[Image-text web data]
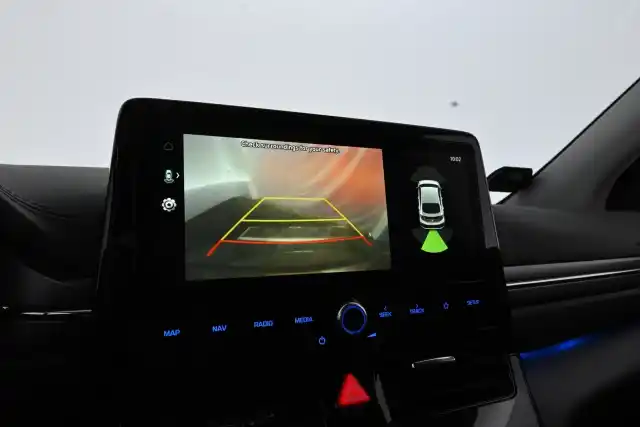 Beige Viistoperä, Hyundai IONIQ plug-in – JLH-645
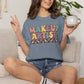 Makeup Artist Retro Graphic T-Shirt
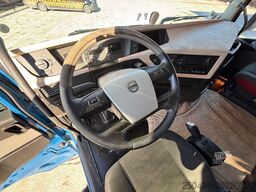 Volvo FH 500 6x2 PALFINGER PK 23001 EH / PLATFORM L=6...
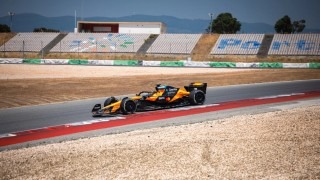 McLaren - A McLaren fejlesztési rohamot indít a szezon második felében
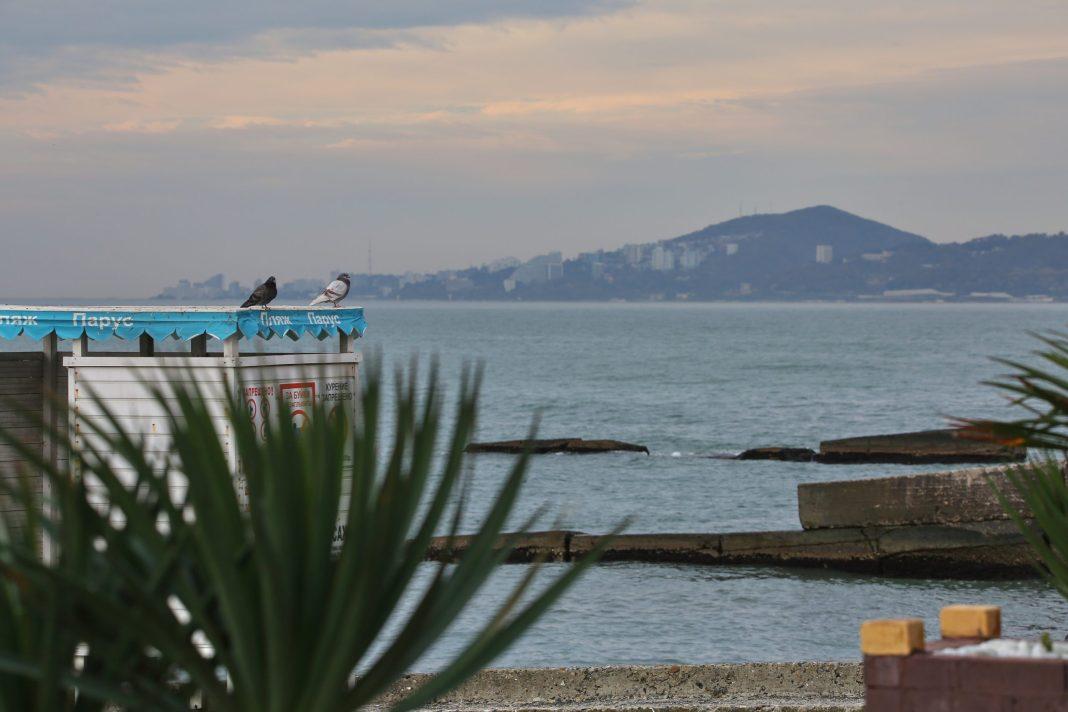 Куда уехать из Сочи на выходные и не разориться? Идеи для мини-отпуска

TO DO
Where pictures appear, omit them, and transcribe exactly, with nothing else, the lines from the line with "McLaren - A" through the final line of the records above, both ends included.

TASK OUTPUT
 McLaren - A McLaren fejlesztési rohamot indít a szezon második felében
 Куда уехать из Сочи на выходные и не разориться? Идеи для мини-отпуска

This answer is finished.